Summer has left the high country. The gray clouds are belching snow flurries this morning.
Instead of fleeting visitors, the flakes feel like they might decide to stay for a while. Through the soft light out my kitchen window, they fall, floating and making their way to the ground. They stick and accumulate, and things turn white. The oven clock reads 5:48 p.m. I am ready to crawl under the covers and go to bed.
Rick Bass is a fiction and creative nonfiction writer. He lives in the Yaak Valley in northwestern Montana and writes about winter. He says, “It all comes together in these mountains. Not without irony, mountains and winter can be frightening.”
I have lived near the mountains for all but eight years of my life. I traveled west when they weren’t close—a visitor in those places I used to call home. Once when I was living in Chapel Hill, North Carolina, my friend asked me about my experience living in the small southern town. My response was, “It is really flat.”
There was no mention of the abundant southern cuisine, the intimate neighbors, the charming architecture, the university, or the lush hardwood forests. It felt flat, and while I ate my share of shrimp and grits, picked up another degree, and learned a lot about white linen and sassy sandals, I spent my time finding higher places.
The United States Geological Survey (USGS) was entrusted with the responsibility for mapping the country in 1879 and has been the United States’ primary civilian mapping agency ever since. The best known USGS maps are the 1:24,000-scale topographic maps, also known as 7.5-minute quadrangles.
I describe places based on the contour lines. I have been known to label topographic quadrangles unsafe emotional places. This kind of spatial consciousness is both a curse and a blessing. We live at 8,120 feet on the south side of a shallow plateau inside a topographic oval representing flat.
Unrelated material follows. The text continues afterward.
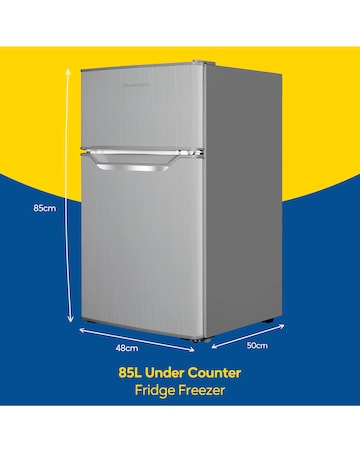 Russell Hobbs RH85UCFF482E1SS Under Counter Fridge Freezer - Stainless Steel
The latitude is -105.27120. Below us and to the south, the contour lines are close together and curvy representing a radically steep descent. If you talk to me for long, you’ll learn that maps are mental representations of my emotional environment.
Topography, trails, and landmarks have been encoded into my memories at a neurological level.
For example, I have been triggered by the setting sun over Devil’s Head mountain. I imagined what it might look like from the view of an alternate position and started to sob big alligator tears. I might write a book about this phenomenon one day. I think of it as a superpower.
Some days, my boys think we’ve made a mistake living up here on this hill surrounded by steep contour lines. I moved here 15 years ago, and I didn’t give much thought to what it might be like to be a 10-year-old boy without friends nearby. It is on their mind, and we talk about it a lot. Then, they remember how much space they have to breathe into.
The other day, while looking out his bedroom window, my 12-year-old son said to me, “I don’t think I will ever tire of this view.” Then he asked, “Do you?” I said, “No, baby—not ever.”
These days, our life is a form of rugged topographic wildness. With a few unexpected detours, first responders, and supportive guides, our little family is finding our way.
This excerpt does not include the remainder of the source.